Managing In A Digital World

A characteristic of business crisis is the way the shock accelerates trends of decline for some and catapults others into rapid growth. One of those trends during the lockdown has been an increased use of online video conferencing. Some have estimated that online and remote working has progressed by the equivalent of 10 years of development in just 3 months. For many, it has become the default meeting forum. A feature that is likely to remain with us.

The wider use of video conferencing seems to have become a tipping point for the wider use of other digital tools. If so, developments during the lockdown have provided the gateway capability to access a new level of management integration within and across organisations.

The article below is one of a series designed to set out an agenda for discussion about how to surface and deliver gains from Managing in a Digital World.

The nature of online interaction is clearly different to traditional face to face interactions. As a result, there is danger in applying the same work routines that have evolved over years to management in the digital world. That would ignore the important impact that physical interaction has on morale, motivation, collaboration and learning.

In addition, although there are significant gains to be made from the digital tools, there are also a myriad of opportunities for poor practices.

For both reasons, there are real benefits to be gained from developing considered policies and standardising work routines to lock in good habits, lock out limiting behaviours and support the development of new instincts. At the same time, it is worth considering how to exploit the potential of the the full range of digital tools including:

  • Intranet, messaging and chat
  • Video Conferencing
  • Virtual Office solutions
  • e Workspace and productivity tools.
  • Documentation, knowledge management and micro learning platforms
  • Project management
    - Collaborative design and specification management
    - Collaborative cross company process development
    - project workflow alignment.
  • Team Analytics

Prior to lockdown, one area where digital applications delivered significant gains is the automation of workflows for routine tasks. Not just for day to day activities but also medium and longer term tasks like reporting, business planning and policy deployment. That suggests that this trend can also be accelerated. As part of the policy review consider the potential of workflow improvement practices enabled by the improved technology for example:

  • Recording summaries of meeting conclusions at the end of the meeting and making these available for download by key stakeholders.
     - Transcripts of these can then be automatically created to aid signposting of topics and agreements.
     - Videos can be reviewed using smart phones on WhatsApp type applications.
  • Creating short pre briefing videos of meeting content to use the online meeting to work on the detail of next steps.
  • Recording and distributing shift handover videos.
  • Video templates to capture and disseminate lessons learned and new thinking.

Collaboration

An area where online processes perform worse than physical ones is collaboration.

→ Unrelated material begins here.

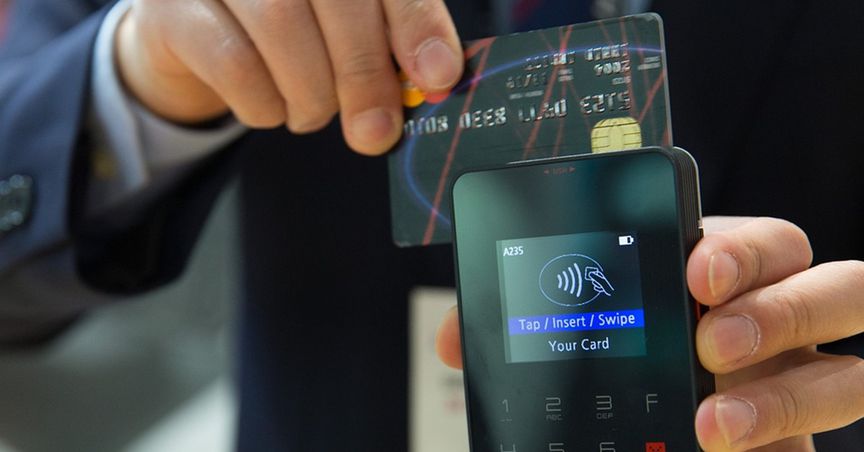How to raise your credit score?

Research into collaboration has highlighted that for collaboration to work, team members have to be prepared to invest time in understanding the mindset and outlook of others in the team.

Through that process they become connected to a common team purpose. It is this opportunity to choose to become engaged with the team goal that differentiates the mindset of collaboration from that of mere compliance.

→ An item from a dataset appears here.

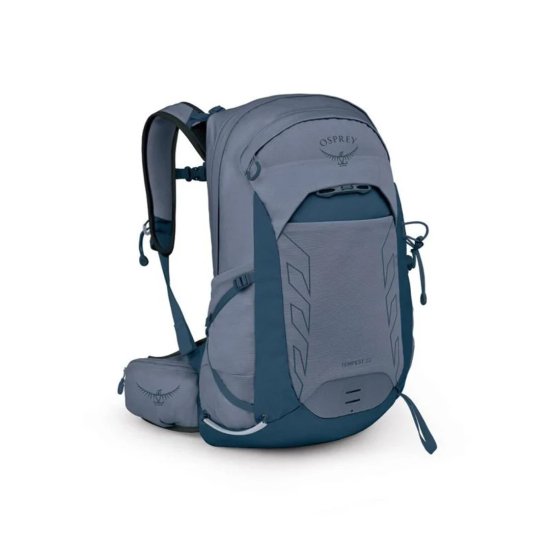 OSPREY - ZAINO TEMPEST 22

Collaboration results in a higher level of motivation such that people are more likely to go the extra mile for the team. The research also shows that the highest motivation occurs where individuals know that they are expected to develop and explain their ideas to their peers.

In a business environment, this is achieved by developing a shared identity at the start of a project or at the point where individuals become involved with the project. This is most important when people with different base communities come together electronically to work on developing joint projects.

In their book, "When teams work best", Frank Lafasto and Carl Larson set out the results of their research into the working practices of 650 successful teams. Although the research was carried out at a time when online tools were not available, the barriers to team success highlighted (see graphic) are still relevant in today's world.